→ **Information supplied**
<<<<

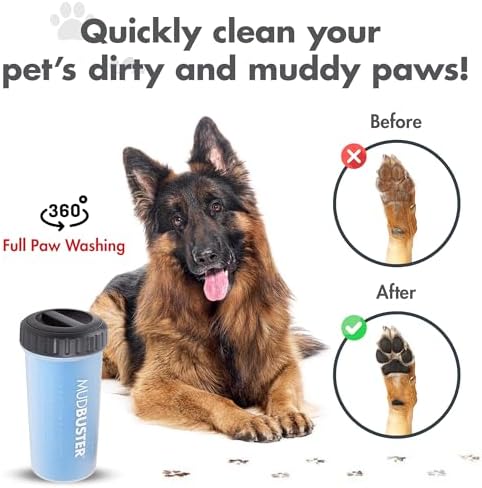 Dexas Lidded MudBuster Large Dog Paw Cleaner, Pro Blue, Fits 2.5"-3.5" Wide Paws, Gentle Silicone Bristles for Quick, Easy Cleaning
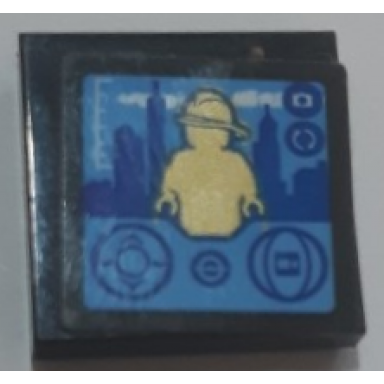 black tile 2 x 2 with gold fireman minifigure statue city skyline and control panel pattern sticker - set 60207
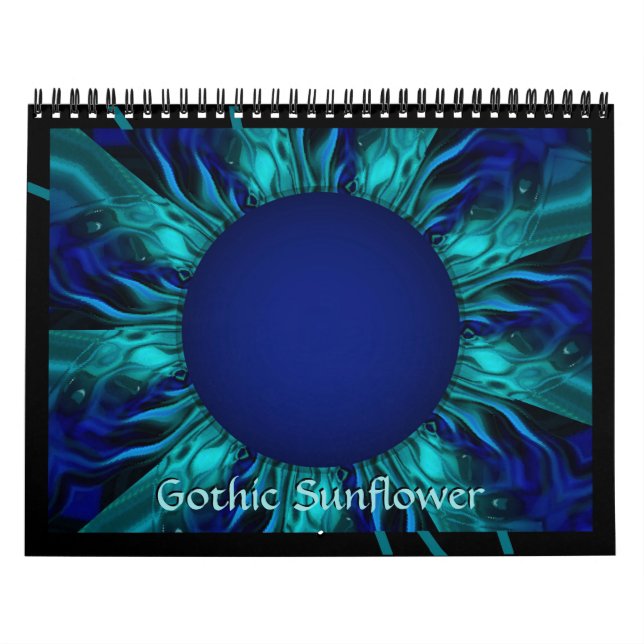 Gothic Sunflower Trippy Floral Art  Calendar (Cover)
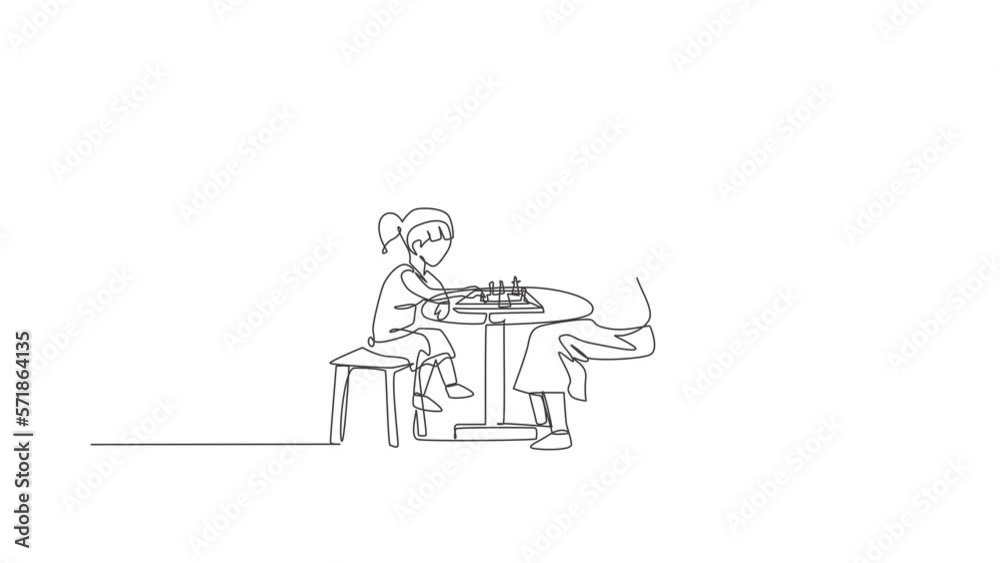 Animation of one line drawing of young mom and her son siting on chair and playing chess game together at home. Happy family bonding concept. Continuous line self draw animated. Full length motion. Animation of one line drawing of young mom and her son siting on chair and playing chess game together at home. Happy family bonding concept. Continuous line self draw animated. Full length motion.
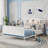 Kids Bedroom Full Size Metal Platform Bed Frame, Crisp White, Upholstered Storage Headboard with LED Accent Lighting-129228871
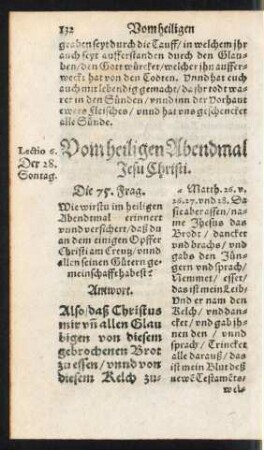 Vom heiligen Abendmal Jesu Christi.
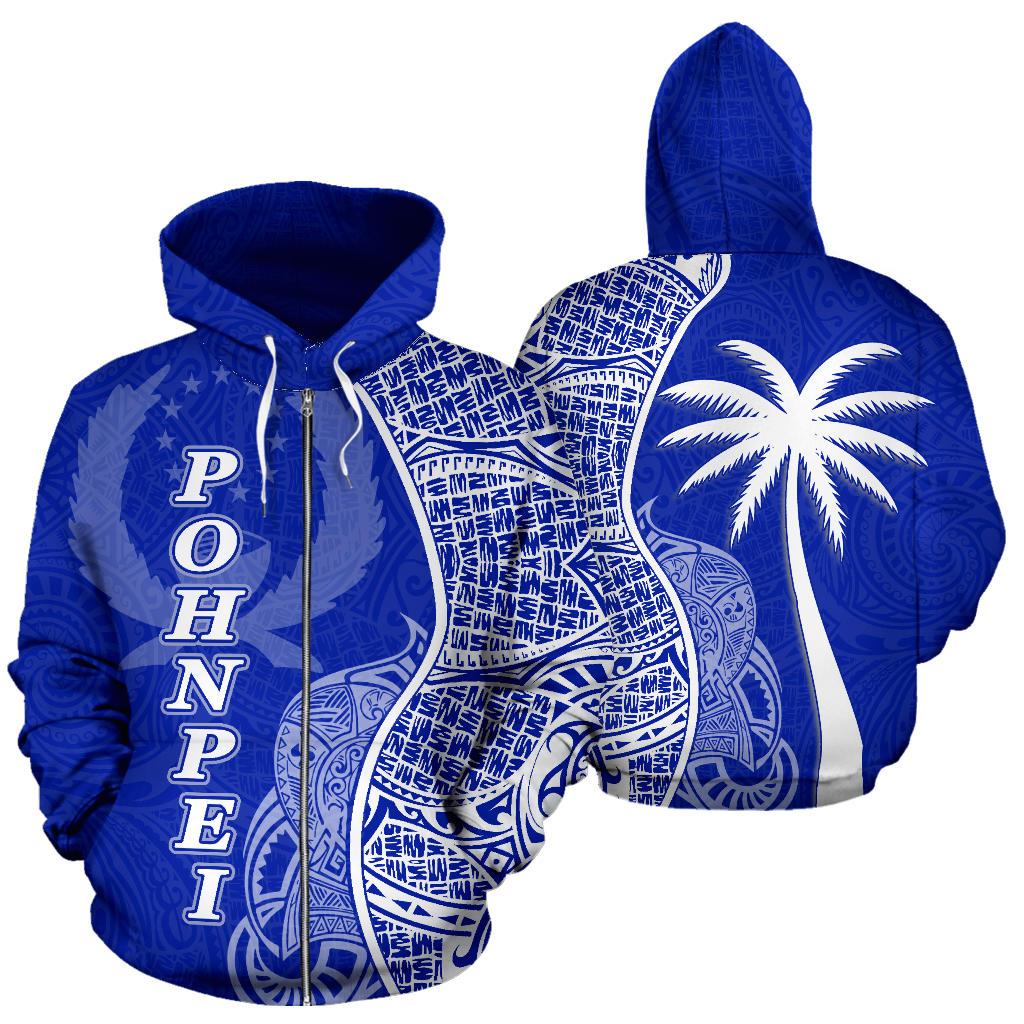 Pohnpei Polynesian Zip up Hoodie Coconut Tree Blue Unisex Blue - Polynesian Pride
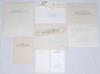 Signed press photographs 1930-1960s. A selection of seven signed press photographs and one collector&rsquo;s card. Includes five photographs of match action, including England v. The Rest, Test trial match, Lord&rsquo;s 1930, signed by R.E.S. Wyatt and Les Ames. Jim - 2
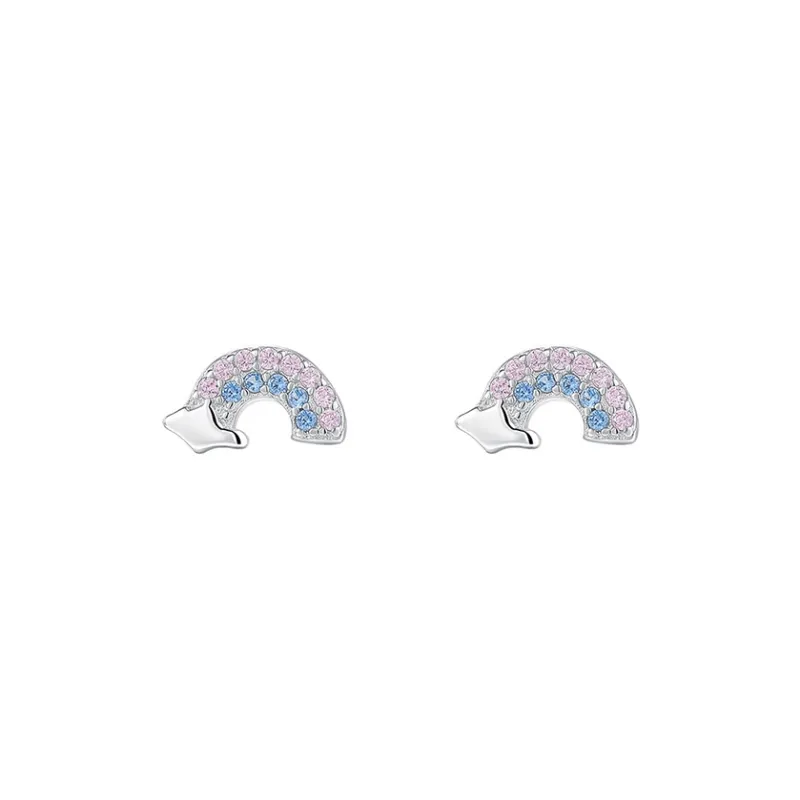 Heart Grass S925 Silver Stud Earrings Women's-0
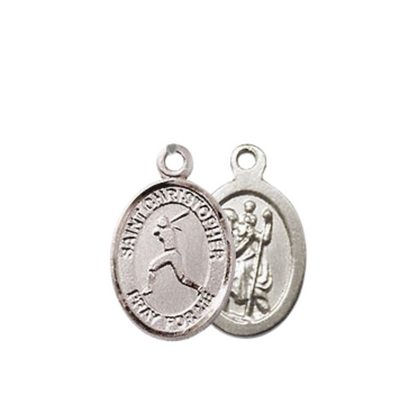 Small Sized Women's Pewter Saint St. Christopher Softball Medal Pendant on 18 Inch Rhodium Plated Lite Curb Brass Chain with Lobster Claw Clasp, Catholic Religious Necklace - Made in USA- Velvet Gift Box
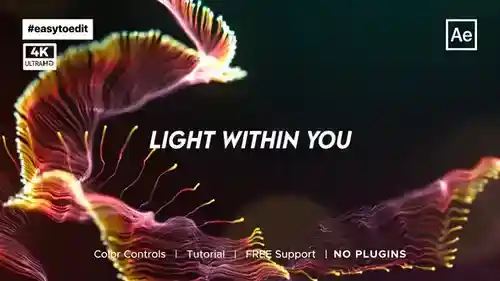 自然极光粒子文本标题AE模版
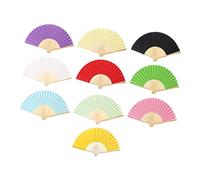 Didiseaon 10 Pcs 7 Pouces Vierge Fan Performance Papier Pliant Fan Décor Enfants DIY Peinture Prop (Couleur Mélangée)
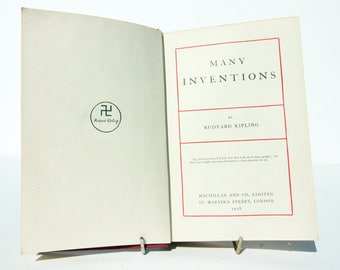 Rudyard Kipling Many Inventions 1918 Vintage Book Hardback Childrens Book Red Old book gift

>>>>

Only the lines from the line with "Vom heiligen Abendmal Jesu Christi." through the final line of the material belong in the answer, copied exactly and without pictures.

→ **Expected answer**
 Vom heiligen Abendmal Jesu Christi.
 Pohnpei Polynesian Zip up Hoodie Coconut Tree Blue Unisex Blue - Polynesian Pride
 Signed press photographs 1930-1960s. A selection of seven signed press photographs and one collector&rsquo;s card. Includes five photographs of match action, including England v. The Rest, Test trial match, Lord&rsquo;s 1930, signed by R.E.S. Wyatt and Les Ames. Jim - 2
 Heart Grass S925 Silver Stud Earrings Women's-0
 Small Sized Women's Pewter Saint St. Christopher Softball Medal Pendant on 18 Inch Rhodium Plated Lite Curb Brass Chain with Lobster Claw Clasp, Catholic Religious Necklace - Made in USA- Velvet Gift Box
 自然极光粒子文本标题AE模版
 Didiseaon 10 Pcs 7 Pouces Vierge Fan Performance Papier Pliant Fan Décor Enfants DIY Peinture Prop (Couleur Mélangée)
 Rudyard Kipling Many Inventions 1918 Vintage Book Hardback Childrens Book Red Old book gift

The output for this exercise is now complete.